Data records:
Segment Open

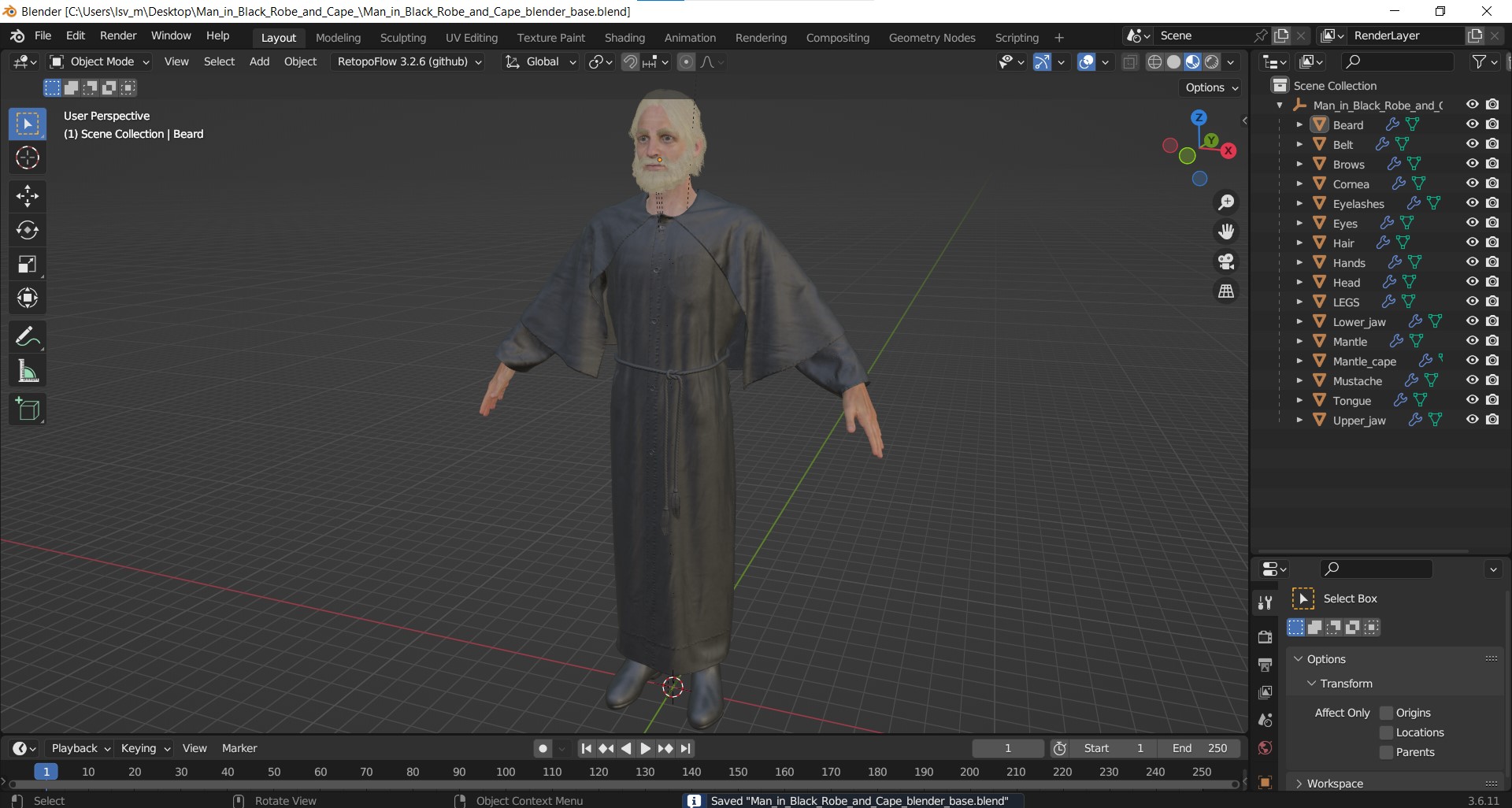 3D Man in Black Robe and Cape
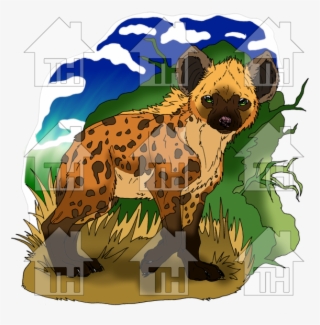 Recent Images - Spotted Hyena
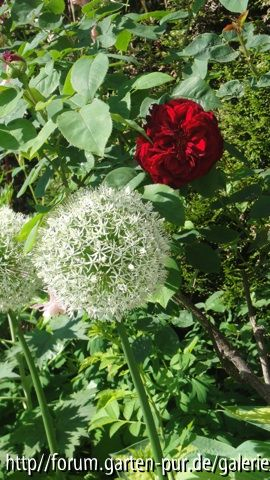 L. D. Braithwite mit Allium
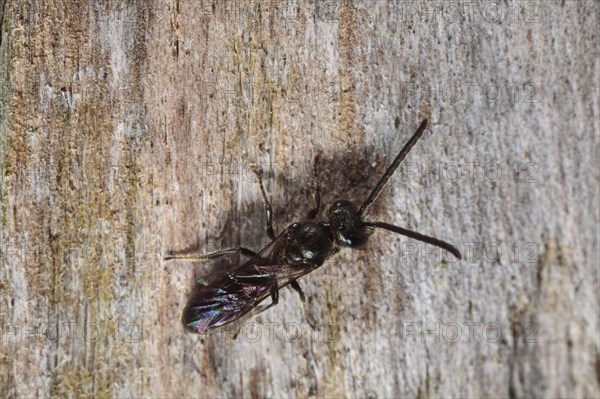 Lasioglossum similis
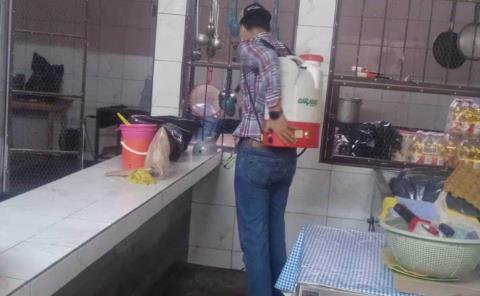 Plagas causan daños en salud y economía
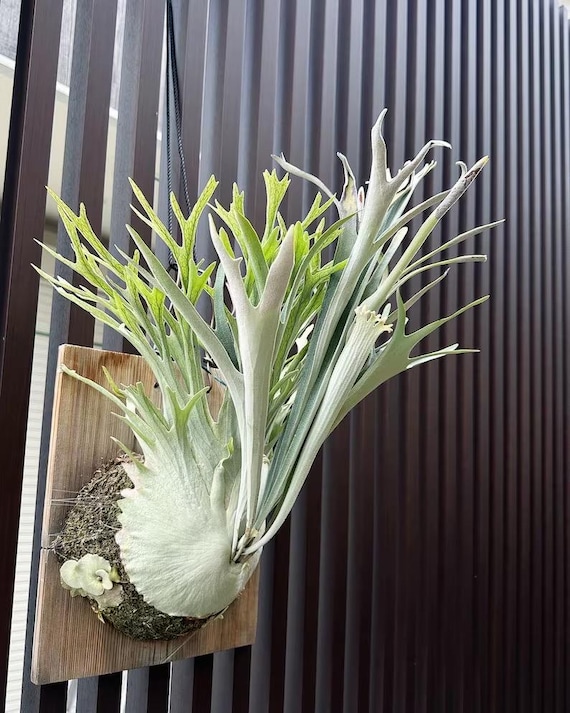 Platycerium Veitchii “high Finger” Staghorn Fern Starter Plant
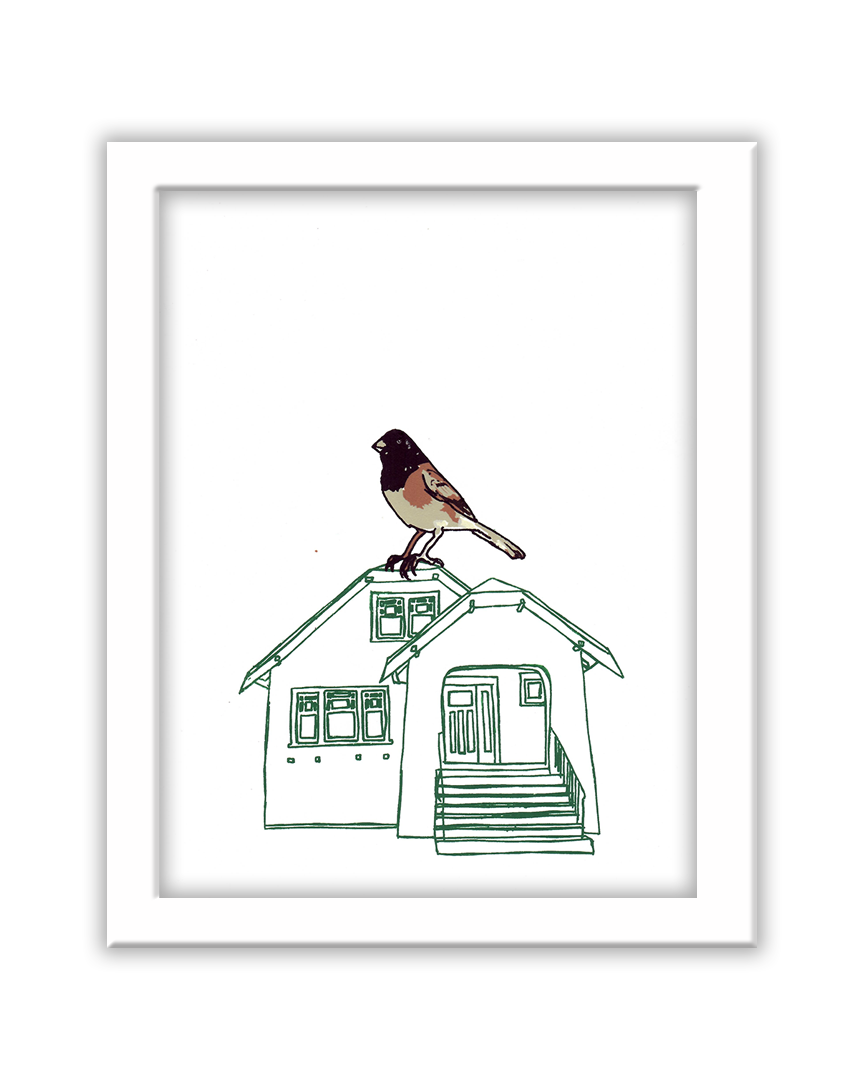 junco-bird-house-janine-schroedter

Segment Closed

Each entry needs to be retyped exactly; the pictures stay out.

Exercise solution:
 3D Man in Black Robe and Cape
 Recent Images - Spotted Hyena
 L. D. Braithwite mit Allium
 Lasioglossum similis
 Plagas causan daños en salud y economía
 Platycerium Veitchii “high Finger” Staghorn Fern Starter Plant
 junco-bird-house-janine-schroedter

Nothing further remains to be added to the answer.